Higher in Steps: UBS Sees Copper Marching Toward $15,500

The copper market continues to trade as a supply-constrained industrial system rather than a cyclical commodity market. In a May 22 report titled Higher in Steps, analysts at UBS argue that structural shortages across concentrates, scrap, sulfur, and refined output are forcing prices steadily higher despite mixed global growth signals.
UBS now forecasts copper prices reaching USD 14,000/mt by September 2026, USD 14,500/mt by year-end, USD 15,000/mt by March 2027, and USD 15,500/mt by June 2027. The bank maintains a constructive stance and continues to recommend long exposure to copper, particularly during price pullbacks.
The Market Is Tightening from Multiple Directions
The core thesis behind the report is simple: copper supply growth is struggling to keep pace with electrification-driven demand growth.
According to UBS, sulfur shortages in China have intensified after Beijing imposed new sulfuric acid export restrictions. That has raised costs for higher-cost leaching operations while simultaneously tightening the broader refining chain. At the same time, copper concentrate and scrap availability remain constrained, creating aggressive competition among smelters for feedstock.
Treatment and refining charges (TCRCs), which are often viewed as a gauge of concentrate availability, have effectively collapsed.
“2026 Annual benchmark global treatment and refining charges (TCRCs) [fell] to USD 0/mt… and spot charges below USD -100/mt amid fierce competition among smelters.”
That matters because negative treatment charges imply smelters are effectively paying to secure material. In commodity markets, this is usually a sign of severe upstream tightness.
The report also highlights tightening scrap flows. China’s stricter tax compliance standards and invoice quotas are reducing available recycled material, while Japan is increasingly retaining domestic scrap as its own smelters shift toward recycled copper processing.

Electrification Demand Remains Intact
Despite slowing global manufacturing activity, UBS argues the larger structural demand trend remains firmly supportive for copper.
The bank estimates global copper consumption will rise 2.8% in 2026, driven primarily by grid investment, electric vehicle adoption, renewable infrastructure, and the continued expansion of data centers.
This is an important distinction. Traditional cyclical demand indicators, such as manufacturing PMIs, have softened around the margins, yet copper demand tied to electrification infrastructure continues to expand.
China remains central to that story.
While January-April copper imports into China declined year-over-year, April imports alone still rose 2.3% compared to the same month last year, suggesting underlying physical demand remains resilient despite broader economic uncertainty.

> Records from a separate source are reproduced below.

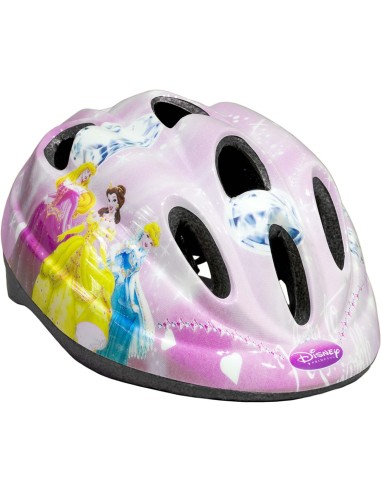 Casco taglia M 52-56 cm Disney principesse ALB10900 Futurart | Futurartshop.com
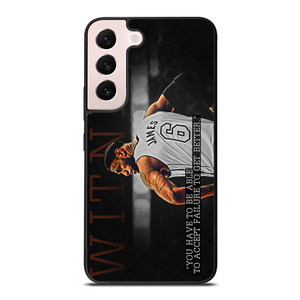 LEBRON JAMES 4 Samsung Galaxy S22 Plus Case Cover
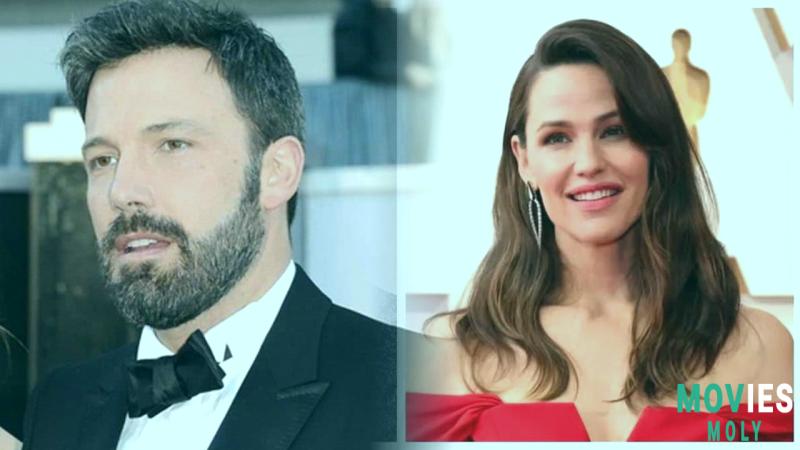 Wait Did Ben Affleck and Jennifer Garner Just Spark Reunion Rumors at a Paintball Party? image 7 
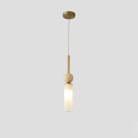 Светильник подвесной Crystal Lux SIMPLY SP1 BRASS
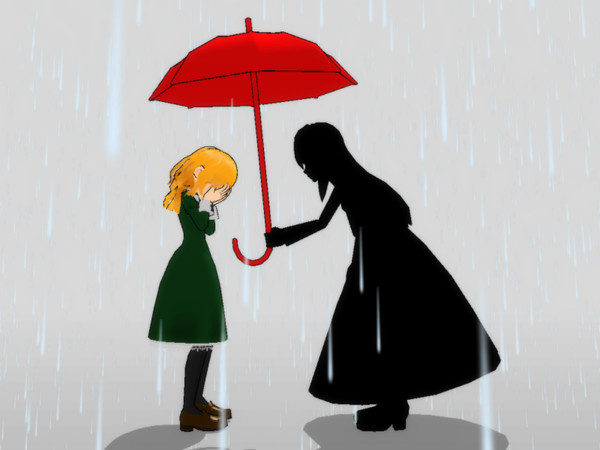雨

UBS describes current demand signals as “mixed,” though the broader directional trend remains constructive because the energy transition continues requiring massive copper intensity across grids, transportation systems, and industrial infrastructure.

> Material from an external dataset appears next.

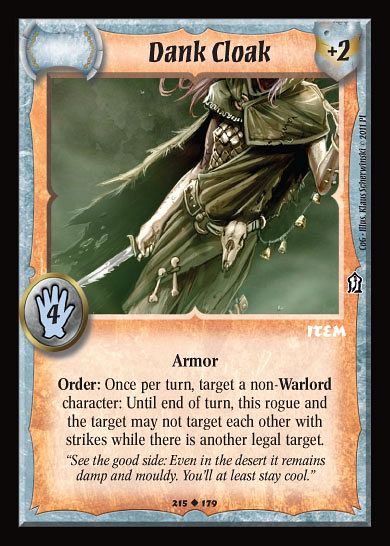 Dank Cloak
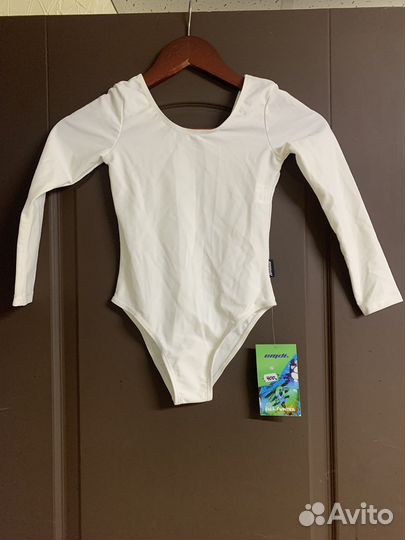 Купальник гимнастический детский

Chile and Peru Continue to Disappoint
On the supply side, the market’s largest producing regions continue struggling to expand output.
UBS notes that disruptions in Chile and Peru remain a major constraint on global supply growth. Chilean production alone has fallen 6% year-over-year so far this year.
Meanwhile, Freeport’s Grasberg mine is now not expected to fully resume operations until early 2028, adding another delay to anticipated supply normalization.
As a result, UBS expects refined copper supply growth to rise just 1.7% in 2026, well below the pace needed to close the widening supply gap.
The bank now projects the global copper market deficit will widen to 520,000 metric tons in 2026, more than double the estimated 203,000 metric ton deficit recorded in 2025.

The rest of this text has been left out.